This summer, Sasha, Lorrie and I started brainstorming the sorts of events we wanted to host at the Center for Civic Media this fall. The first I put on the calendar was a session on “mapping civic media”, a chance to catch up with some of my favorite people who are working to study, understand and visualize how ideas move through the complicated ecosystem of professional and participatory media.
To represent the research being done in the space, we invited Hal Roberts, my collaborator on Media Cloud (and on a wide range of other research), Erhardt Graeff from the Web Ecology project, and Gilad Lotan, VP of R&D for internet analytics firm BetaWorks. On Wednesday night, I asked them to share some of the recent work they’ve been doing, understanding the structure of the US and Russian blogosphere, analyzing the influence networks in Twitter during the early Arab Spring events and understanding the social and political dynamics of hashtags. They didn’t disappoint, and I suspect our video of the session (which we’ll post soon) will be one of the more popular pieces of media we put together this fall.
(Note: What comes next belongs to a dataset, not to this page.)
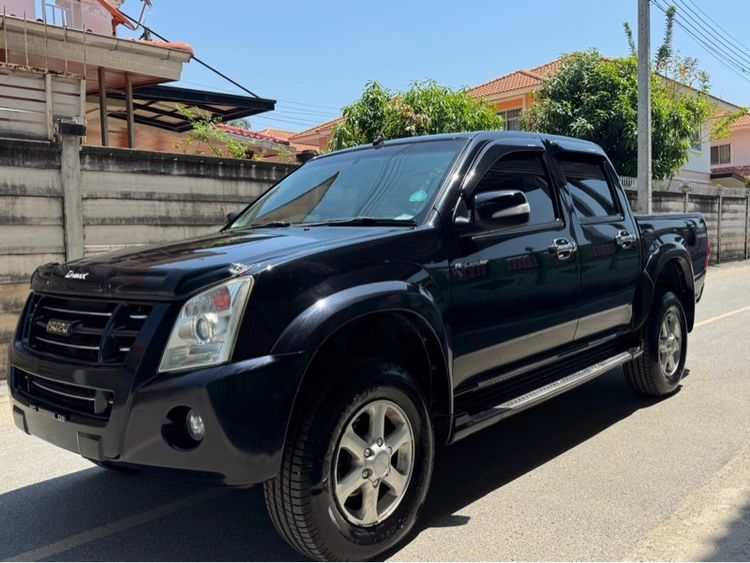 รถ Isuzu D-MAX 2.5 Hi-Lander สี ดำ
In the meantime, here are my notes, constrained by the fact that I was moderating the panel and so couldn’t lean back and enjoy the presentations the way I otherwise might have.
Hal Roberts is a fellow at the Berkman Center for Internet and Society, where he’s produced great swaths of research on internet filtering, surveillance, threats to freedom of speech, and the basic architecture of the internet. (That he’s written some of these papers with me reflects more on his generosity than on my wisdom.) He’s the lead architect of Media Cloud, the system we’re building at the Berkman Center and at Center for Civic Media to “ask and answer quantitative questions about the mediasphere in more systematic ways.” As Hal explains, media researchers “have been writing one-off scripts and systems to mine data in haphazard ways.” Media Cloud is an attempt to streamline that process, creating a collection of 30,000 blogs and mainstream media sources in English and Russian. “Our goal is to get as much media as possible, so we can ask our own questions and also let others ask questions of our duct tape and bubblegum system.”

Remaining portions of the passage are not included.